The entries that follow must be written out exactly, without any of the pictures they contain.

--- Material provided ---

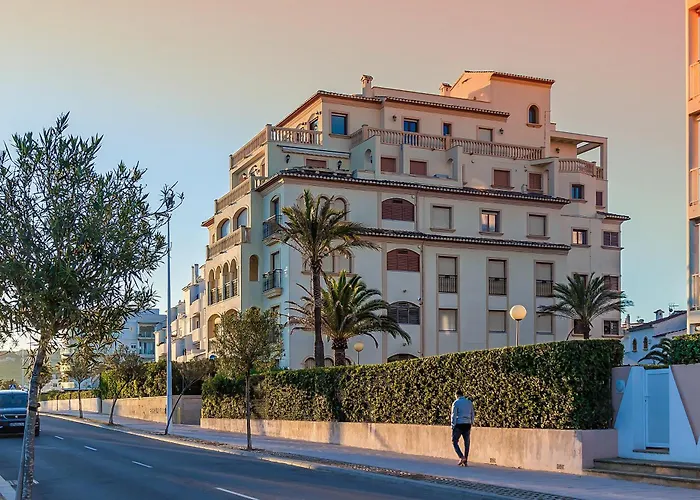 Mar-beach Front In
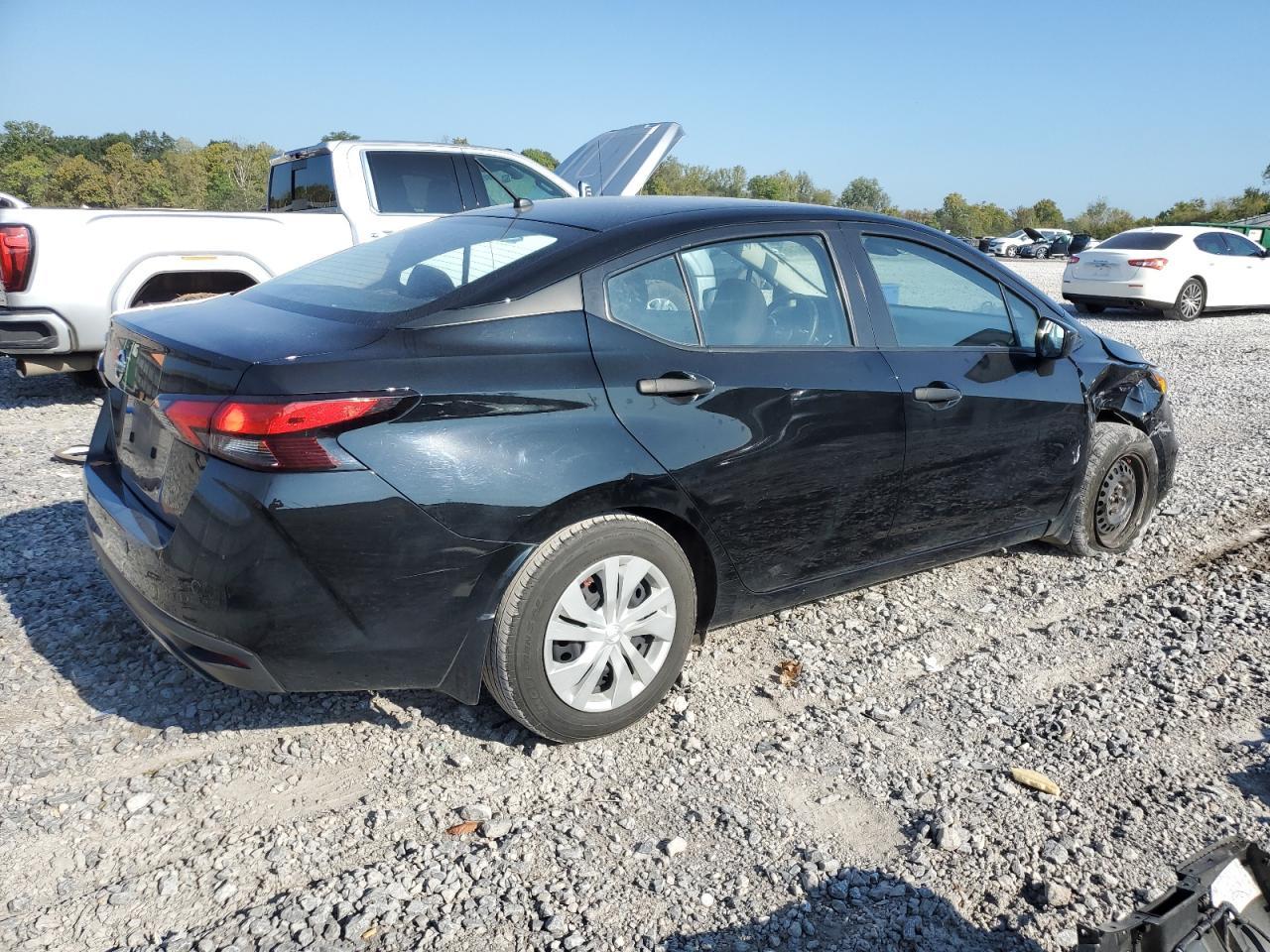 2021 Nissan Versa S - Image 3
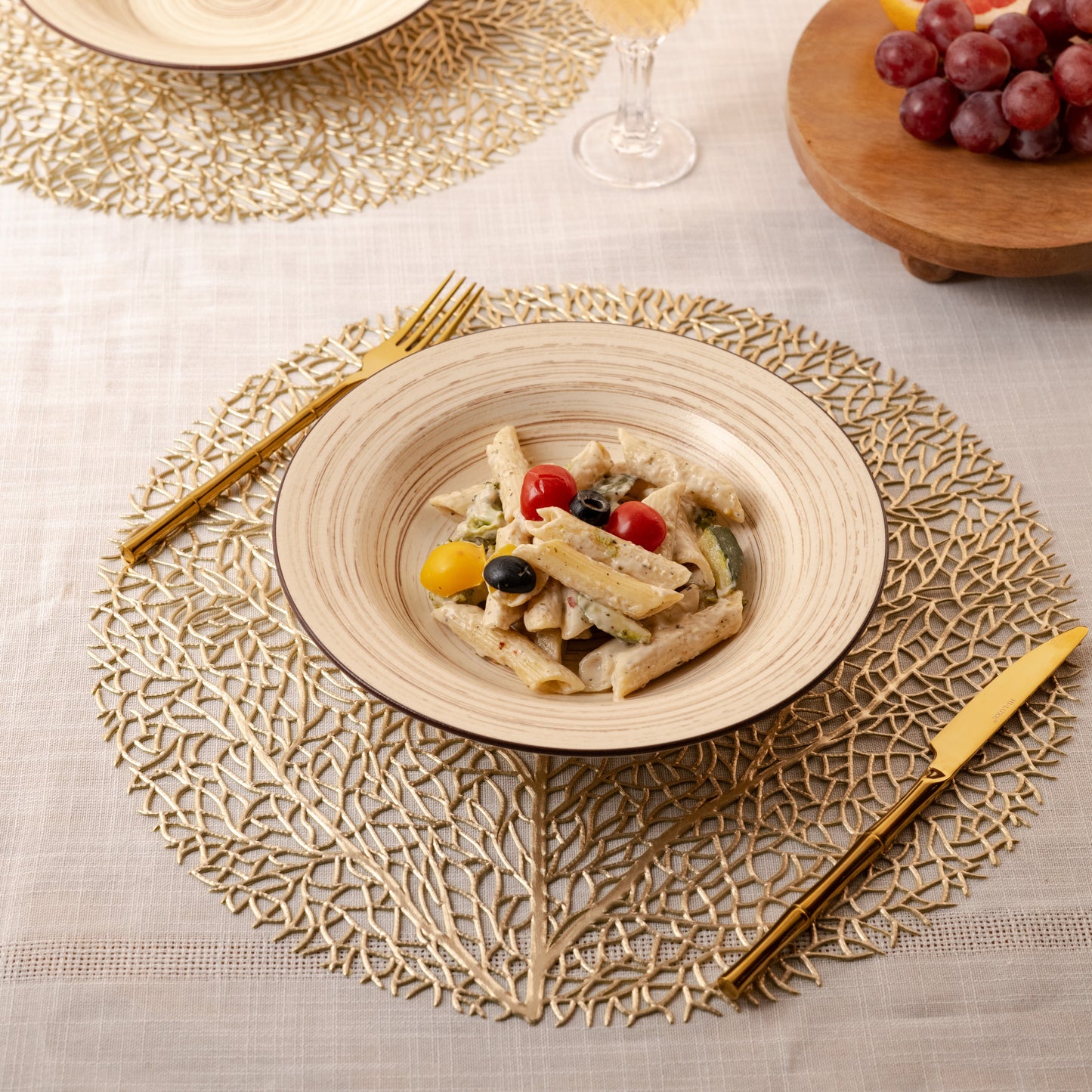 Circular Patterned Pasta Plate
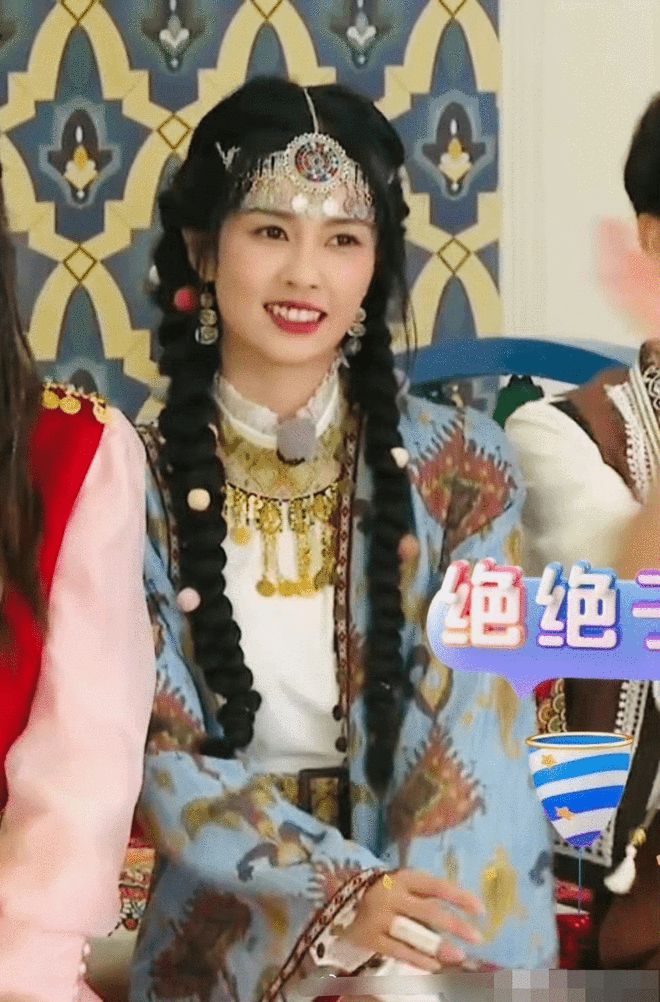 新疆小女孩见到Angelababy激动哭 baby暖心为其擦泪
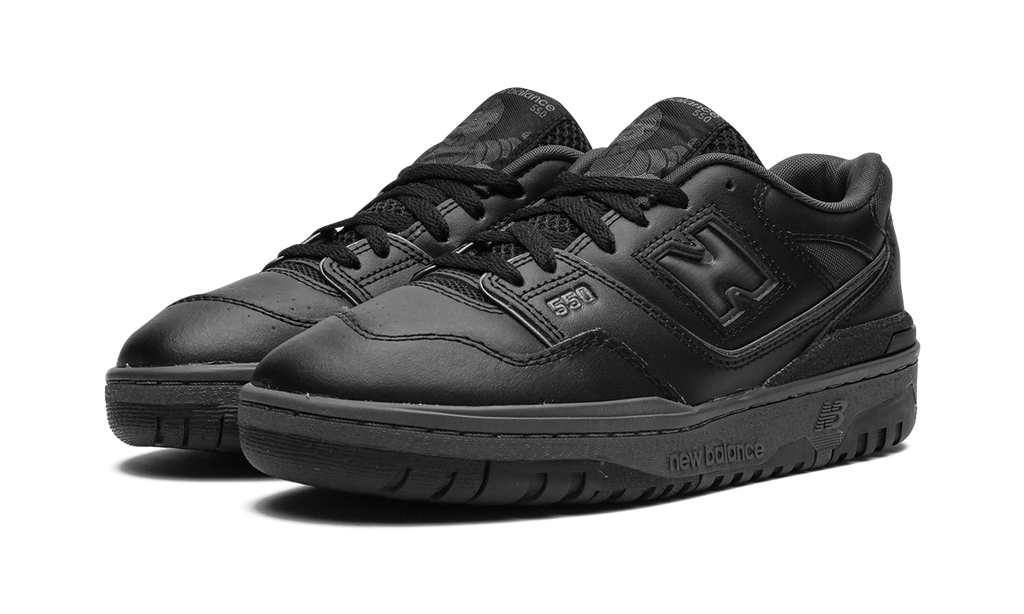 Court 550 Triple Black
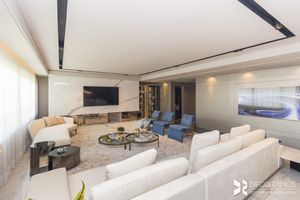 Image 4 - 915287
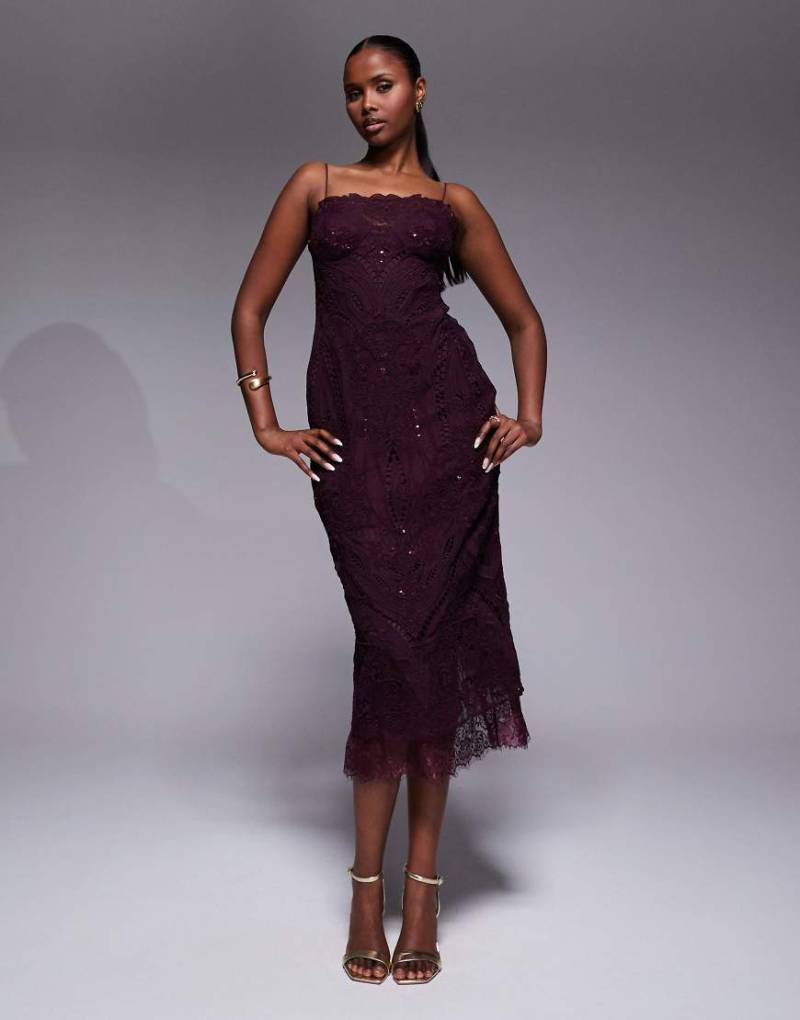 ASOS DESIGN - Midikleid aus bestickter Spitze in Maulbeere mit Pailletten und Bogenkante-Rot von ASOS DESIGN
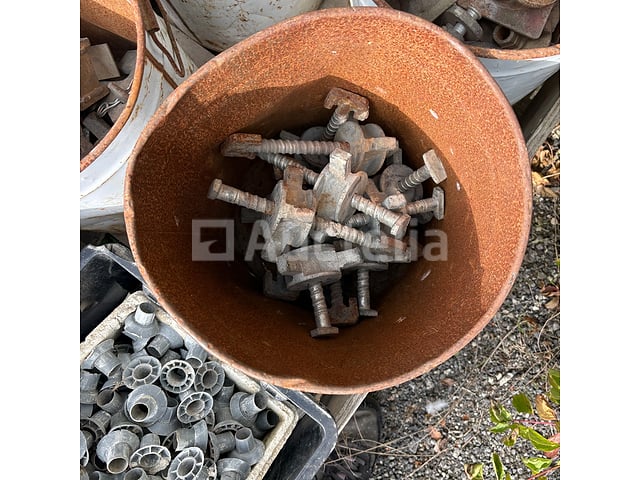 Bekistingsaccessoires – foto 7 – kavel bij Auctelia, Gembloux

---

*Output of the exercise*:
 Mar-beach Front In
 2021 Nissan Versa S - Image 3
 Circular Patterned Pasta Plate
 新疆小女孩见到Angelababy激动哭 baby暖心为其擦泪
 Court 550 Triple Black
 Image 4 - 915287
 ASOS DESIGN - Midikleid aus bestickter Spitze in Maulbeere mit Pailletten und Bogenkante-Rot von ASOS DESIGN
 Bekistingsaccessoires – foto 7 – kavel bij Auctelia, Gembloux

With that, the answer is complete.